The World of Apu (Satyajit Ray, 1959)

Head and shoulders above the first two, although I remember liking Pather Panchali a lot at the time.  The scenes with Aparna are some of the most romantic in film.  Beautifully shot across a variety of locations too.








Three Crowns of the Sailor (Raul Ruiz, 1983)

Seems like a precursor to stuff like Mysteries of Lisbon and Big Fish.  Not entirely my cup of tea but it's hard not to like a seafaring adventure.

08.14

A Most Wanted Man (Anton Corbjin, 2014) (theatrical)

Pretty generic movie with a great ending.  Phillip Seymour Hoffman is great too.







Mirror (Andrei Tarkovsky, 1975) (theatrical rewatch)

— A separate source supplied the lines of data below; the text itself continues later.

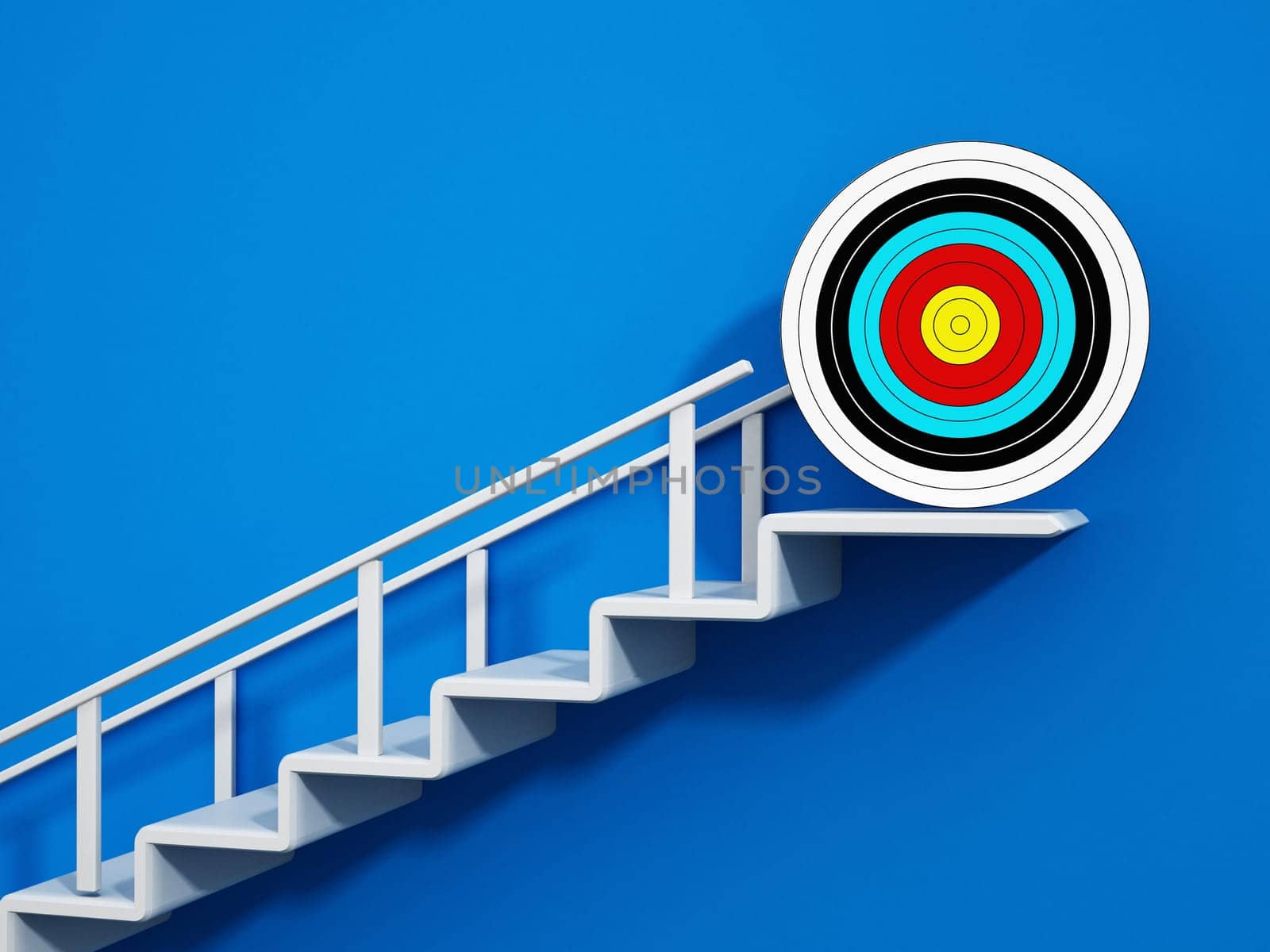 Staircase with an arrow leading up to target. 3D illustration.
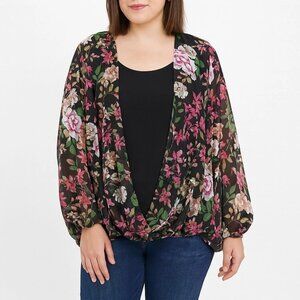 flying tomatoes plus size womens floral drape front blouse sheer sleeves size 2X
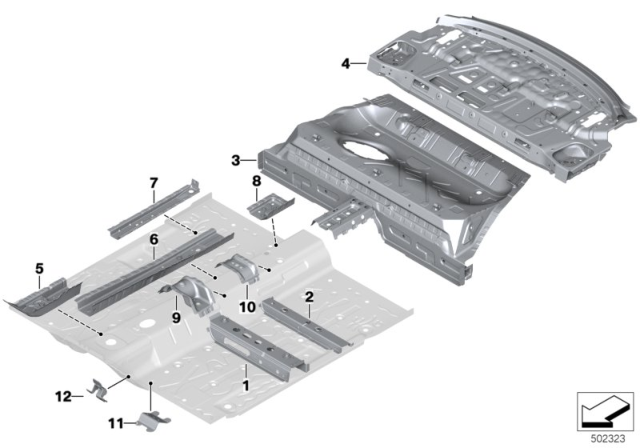 2020 BMW 228i xDrive Gran Coupe  PARTITION, UPPER TRUNK Diagram for 41007955518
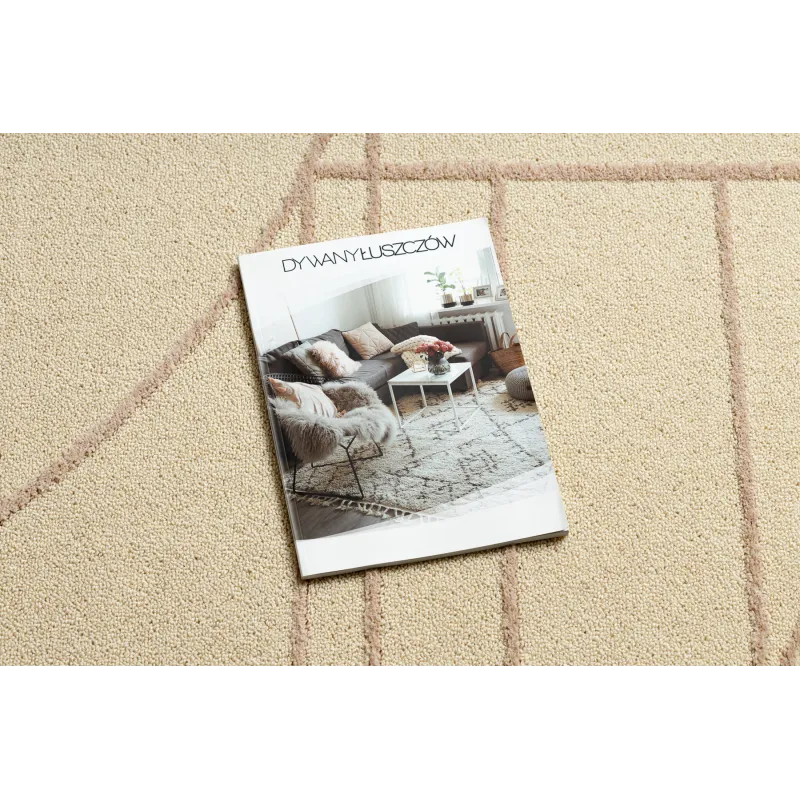 Teppich FLUX 461.14.AE200 Wollmischung OSTA - Geometrisch, strukturell, Loft beige / rosa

Maybe doesn't speak to me quite like it did in high school, but still gorgeous and otherworldly.  The last ten minutes or so really bring it all together.

08.13

Return of the Boom Bap (KRS-One, 1993)

What KRS lacks in musicality he more than makes up for in energy and imagination.  I don't think he'll ever be one of my favorite MCs, but every song on here is good and many of them are great.

Choice cuts: Outta Here, I Can't Wake Up, Sound of Da Police

Monday, August 11, 2014

08.09

OG Original Gangster (Ice-T, 1991)

I take back everything I've said about Ice-T being overrated.  One of the most ambitious and fully realized albums I've heard from any genre.  Everything on here is fantastic.

Choice cuts: Mind Over Matter, Straight up Nigga, Midnight





4, 5, 6 (Kool G Rap, 1995)

Dang, pretty bad.  I can't believe he just recycled material for two songs in an 11-track album.  He also somehow just has no presence, especially in the first half.  Still some great rhyming of course.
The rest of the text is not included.